Egypte was ondertussen sterk verzwakt. De heerschappij van Ptolemaeus IV Philopator begon met de moord van de Koningin Moeder Berenice II. De jonge koning kwam al snel onder de invloed van zijn hovelingen. Zijn ministers gebruikten hun macht voor hun eigen goed, tot grote ontevredenheid van het volk.
Antiochos wilde voordeel behalen uit deze chaotische situatie. Hij begon in 219 v.Chr. de Vierde Syrische Oorlog. Hij heroverde de haven van Antiochië als steden in Fenicië, waaronder ook Tyrus. Liever dan onmiddellijk Egypte binnen te vallen, wachtte Antiochus nog meer dan een jaar in Fenicië, waarbij hij zijn nieuw veroverde gebieden consolideerde en luisterde naar diplomatische voorstellen van het Ptolemaeïsche rijk.
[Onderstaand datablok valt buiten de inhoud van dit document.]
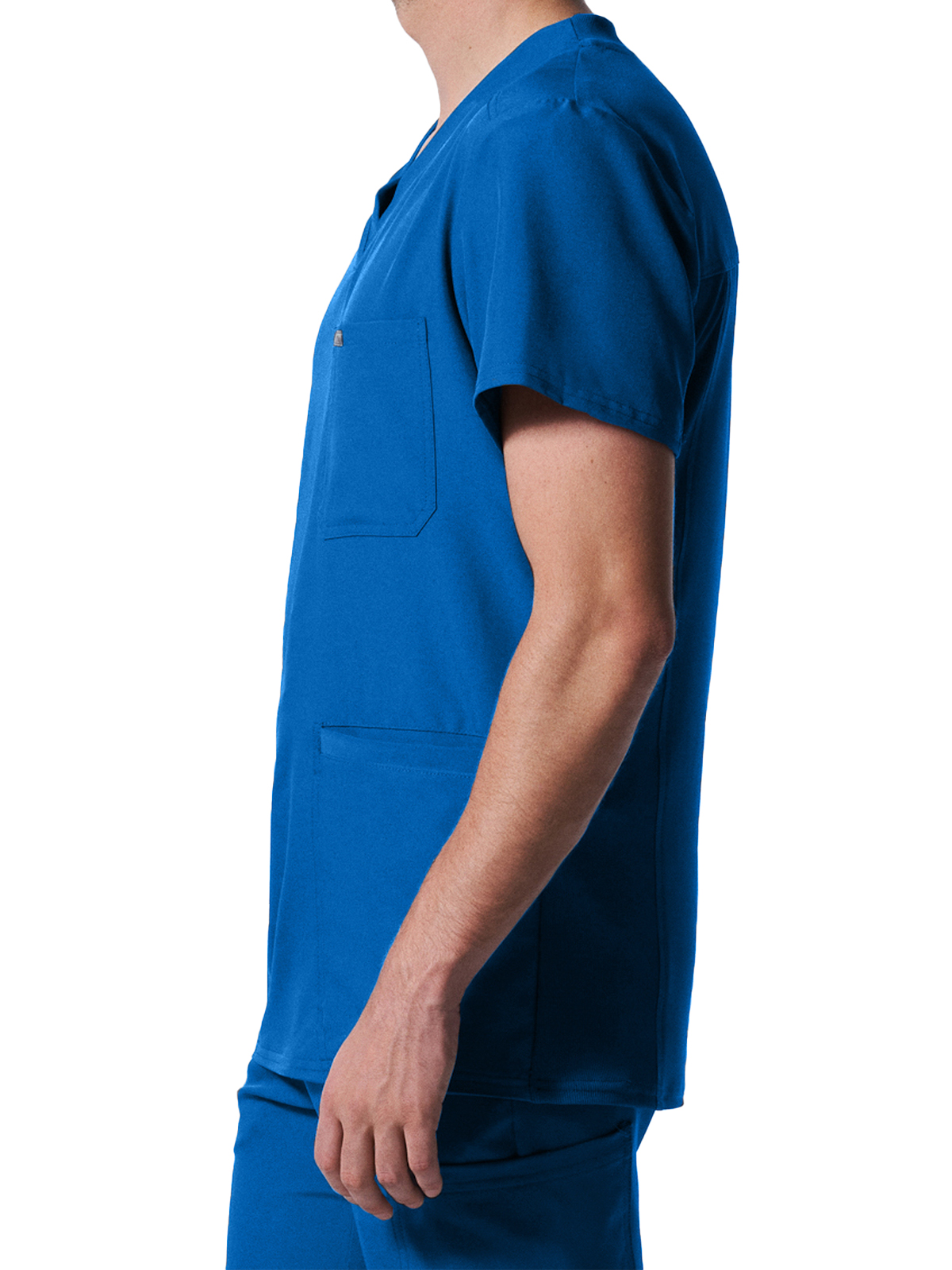 Landau - Forward - Men's Four-Pocket Back Yoke V-Neck Top 4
Ondertussen begon Ptolemaeus' minister een leger te verzamelen en te trainen. Hij rekruteerde niet enkel uit de lokale Griekse populatie, zoals Hellenistische legers normaal gezien waren, maar ook uit de Egyptische bevolking, waarbij hij minstens 30.000 inboorlingen in de falanx kon gebruiken. Deze innovatie had voordelen, maar zou later vreselijke gevolgen hebben voor de stabiliteit van het rijk. In de zomer van 217 v.Chr. viel Ptolemaeus Antiochus aan in de slag bij Raphia, de grootste slag sinds de slag bij Ipsus, een slag die meer dan tachtig jaar daarvoor plaatsvond.
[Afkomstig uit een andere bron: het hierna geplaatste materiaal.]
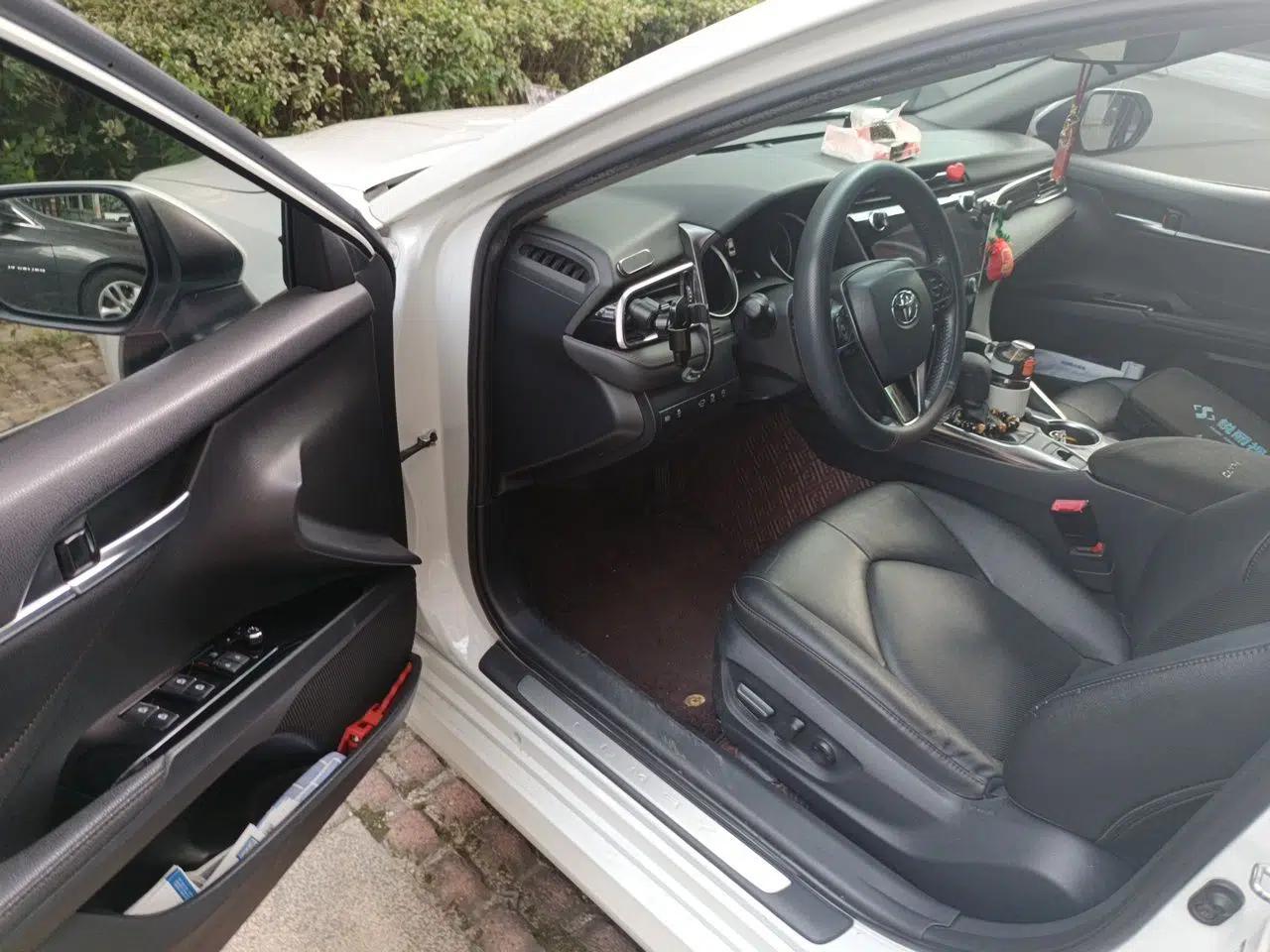 Toyota Camry 2019 Revised Version 2.0G Luxury Edition — миниатюра 16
Ptolemaeus' overwinning verzekerde hem van zijn controle over Coele-Syrië, maar de zwakke koning durfde niet nog verder Antiochus' rijk binnendringen, zelfs niet om de haven van Antiochië te heroveren. Het Ptolemaeïsche Rijk zou nog zwakker beginnen worden in de daaropvolgende jaren, leidend onder economische problemen en opstanden. Patriottisme had zich ontwikkeld onder de Egyptenaren die hadden gevochten bij Raphia. Zelfverzekerd en goed getraind begonnen ze een opstand, waarbij ze hun eigen koninkrijk stichtten in Opper-Egypte, dat de Ptolemaeën slechts in 185 v.Chr. konden heroveren.
Vijfde Syrische Oorlog (202–195 v.Chr.)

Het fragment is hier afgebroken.